Activity: Where the line with "Watermelon Margarita.Watercolor vector" appears below, start writing out lines exactly, and finish with the line with "The Rolls-Royce illuminated", which is included; write out nothing else.

[Web page caption snippets]
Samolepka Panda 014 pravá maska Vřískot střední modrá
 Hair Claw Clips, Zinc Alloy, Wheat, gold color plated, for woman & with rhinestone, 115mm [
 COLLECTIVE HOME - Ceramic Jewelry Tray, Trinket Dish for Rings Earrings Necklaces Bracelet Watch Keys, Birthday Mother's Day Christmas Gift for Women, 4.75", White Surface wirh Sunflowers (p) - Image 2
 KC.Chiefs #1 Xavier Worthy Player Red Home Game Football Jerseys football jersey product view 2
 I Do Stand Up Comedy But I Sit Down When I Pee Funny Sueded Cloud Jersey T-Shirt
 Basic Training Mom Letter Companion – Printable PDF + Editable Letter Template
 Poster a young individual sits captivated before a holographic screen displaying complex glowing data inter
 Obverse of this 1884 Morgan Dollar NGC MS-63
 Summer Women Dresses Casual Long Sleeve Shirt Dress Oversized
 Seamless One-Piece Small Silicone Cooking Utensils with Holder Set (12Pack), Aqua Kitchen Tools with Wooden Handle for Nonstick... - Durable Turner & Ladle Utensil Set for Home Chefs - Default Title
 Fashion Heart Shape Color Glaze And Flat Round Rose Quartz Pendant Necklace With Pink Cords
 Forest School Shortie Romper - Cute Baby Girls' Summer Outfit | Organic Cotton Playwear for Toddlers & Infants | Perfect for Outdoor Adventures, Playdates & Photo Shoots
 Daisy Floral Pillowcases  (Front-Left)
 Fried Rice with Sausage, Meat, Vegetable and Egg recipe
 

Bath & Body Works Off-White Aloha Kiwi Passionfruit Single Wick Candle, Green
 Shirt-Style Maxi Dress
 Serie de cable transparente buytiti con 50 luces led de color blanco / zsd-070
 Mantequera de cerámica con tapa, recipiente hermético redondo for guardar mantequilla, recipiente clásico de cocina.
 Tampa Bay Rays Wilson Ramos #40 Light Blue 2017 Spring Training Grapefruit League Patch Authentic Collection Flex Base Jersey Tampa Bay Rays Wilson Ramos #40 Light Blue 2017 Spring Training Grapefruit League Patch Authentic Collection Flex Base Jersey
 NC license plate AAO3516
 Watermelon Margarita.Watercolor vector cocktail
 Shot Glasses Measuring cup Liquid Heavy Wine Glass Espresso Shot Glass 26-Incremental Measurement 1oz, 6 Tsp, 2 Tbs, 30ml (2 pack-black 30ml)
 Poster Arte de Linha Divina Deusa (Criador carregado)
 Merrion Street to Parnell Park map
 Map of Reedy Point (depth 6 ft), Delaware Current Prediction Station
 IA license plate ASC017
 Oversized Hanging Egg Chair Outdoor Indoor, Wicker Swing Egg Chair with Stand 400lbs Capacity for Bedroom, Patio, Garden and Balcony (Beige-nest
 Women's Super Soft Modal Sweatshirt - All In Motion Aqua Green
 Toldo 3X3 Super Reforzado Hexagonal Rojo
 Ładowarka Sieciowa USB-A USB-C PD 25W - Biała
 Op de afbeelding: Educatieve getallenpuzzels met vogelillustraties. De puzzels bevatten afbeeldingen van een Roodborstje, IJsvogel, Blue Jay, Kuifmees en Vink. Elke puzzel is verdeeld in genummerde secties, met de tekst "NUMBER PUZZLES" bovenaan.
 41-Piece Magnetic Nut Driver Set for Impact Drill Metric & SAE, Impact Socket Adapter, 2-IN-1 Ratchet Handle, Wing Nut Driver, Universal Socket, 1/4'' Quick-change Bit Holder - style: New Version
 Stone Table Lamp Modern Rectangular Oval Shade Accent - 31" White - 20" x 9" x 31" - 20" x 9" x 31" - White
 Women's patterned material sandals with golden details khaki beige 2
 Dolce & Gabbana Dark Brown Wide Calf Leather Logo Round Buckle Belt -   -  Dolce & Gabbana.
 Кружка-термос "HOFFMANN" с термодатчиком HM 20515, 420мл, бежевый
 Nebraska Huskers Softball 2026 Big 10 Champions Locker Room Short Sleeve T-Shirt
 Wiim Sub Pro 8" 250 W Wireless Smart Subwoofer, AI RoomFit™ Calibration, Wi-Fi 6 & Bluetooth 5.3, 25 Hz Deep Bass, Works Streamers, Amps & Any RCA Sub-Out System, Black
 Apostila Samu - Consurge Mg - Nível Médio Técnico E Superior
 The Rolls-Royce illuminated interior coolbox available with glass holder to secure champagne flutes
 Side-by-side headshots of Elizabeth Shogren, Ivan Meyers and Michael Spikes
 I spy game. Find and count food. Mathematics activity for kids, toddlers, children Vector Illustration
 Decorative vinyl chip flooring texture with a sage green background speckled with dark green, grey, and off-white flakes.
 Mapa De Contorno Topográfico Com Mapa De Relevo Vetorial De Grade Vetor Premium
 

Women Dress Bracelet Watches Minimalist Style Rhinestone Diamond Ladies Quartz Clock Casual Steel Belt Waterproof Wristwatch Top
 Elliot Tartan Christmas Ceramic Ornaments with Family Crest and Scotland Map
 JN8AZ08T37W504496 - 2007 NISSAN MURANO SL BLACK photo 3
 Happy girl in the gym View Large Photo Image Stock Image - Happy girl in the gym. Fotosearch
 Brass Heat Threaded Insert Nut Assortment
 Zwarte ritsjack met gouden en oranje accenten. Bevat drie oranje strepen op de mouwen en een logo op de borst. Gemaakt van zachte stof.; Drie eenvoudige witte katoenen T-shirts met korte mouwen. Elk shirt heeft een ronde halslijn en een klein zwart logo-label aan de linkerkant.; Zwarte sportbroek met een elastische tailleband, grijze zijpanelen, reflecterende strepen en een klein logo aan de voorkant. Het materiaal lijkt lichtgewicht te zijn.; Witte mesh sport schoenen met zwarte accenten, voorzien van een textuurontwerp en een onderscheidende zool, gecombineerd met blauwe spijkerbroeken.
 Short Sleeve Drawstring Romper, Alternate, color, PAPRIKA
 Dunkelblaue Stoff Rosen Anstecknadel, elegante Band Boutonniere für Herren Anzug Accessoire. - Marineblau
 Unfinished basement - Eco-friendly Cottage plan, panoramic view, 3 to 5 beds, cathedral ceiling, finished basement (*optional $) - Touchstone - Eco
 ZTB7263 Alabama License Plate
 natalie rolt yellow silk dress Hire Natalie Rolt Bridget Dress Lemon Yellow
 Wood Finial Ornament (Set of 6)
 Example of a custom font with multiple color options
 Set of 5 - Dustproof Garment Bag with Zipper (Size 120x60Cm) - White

Exercise result:
 Watermelon Margarita.Watercolor vector cocktail
 Shot Glasses Measuring cup Liquid Heavy Wine Glass Espresso Shot Glass 26-Incremental Measurement 1oz, 6 Tsp, 2 Tbs, 30ml (2 pack-black 30ml)
 Poster Arte de Linha Divina Deusa (Criador carregado)
 Merrion Street to Parnell Park map
 Map of Reedy Point (depth 6 ft), Delaware Current Prediction Station
 IA license plate ASC017
 Oversized Hanging Egg Chair Outdoor Indoor, Wicker Swing Egg Chair with Stand 400lbs Capacity for Bedroom, Patio, Garden and Balcony (Beige-nest
 Women's Super Soft Modal Sweatshirt - All In Motion Aqua Green
 Toldo 3X3 Super Reforzado Hexagonal Rojo
 Ładowarka Sieciowa USB-A USB-C PD 25W - Biała
 Op de afbeelding: Educatieve getallenpuzzels met vogelillustraties. De puzzels bevatten afbeeldingen van een Roodborstje, IJsvogel, Blue Jay, Kuifmees en Vink. Elke puzzel is verdeeld in genummerde secties, met de tekst "NUMBER PUZZLES" bovenaan.
 41-Piece Magnetic Nut Driver Set for Impact Drill Metric & SAE, Impact Socket Adapter, 2-IN-1 Ratchet Handle, Wing Nut Driver, Universal Socket, 1/4'' Quick-change Bit Holder - style: New Version
 Stone Table Lamp Modern Rectangular Oval Shade Accent - 31" White - 20" x 9" x 31" - 20" x 9" x 31" - White
 Women's patterned material sandals with golden details khaki beige 2
 Dolce & Gabbana Dark Brown Wide Calf Leather Logo Round Buckle Belt -   -  Dolce & Gabbana.
 Кружка-термос "HOFFMANN" с термодатчиком HM 20515, 420мл, бежевый
 Nebraska Huskers Softball 2026 Big 10 Champions Locker Room Short Sleeve T-Shirt
 Wiim Sub Pro 8" 250 W Wireless Smart Subwoofer, AI RoomFit™ Calibration, Wi-Fi 6 & Bluetooth 5.3, 25 Hz Deep Bass, Works Streamers, Amps & Any RCA Sub-Out System, Black
 Apostila Samu - Consurge Mg - Nível Médio Técnico E Superior
 The Rolls-Royce illuminated interior coolbox available with glass holder to secure champagne flutes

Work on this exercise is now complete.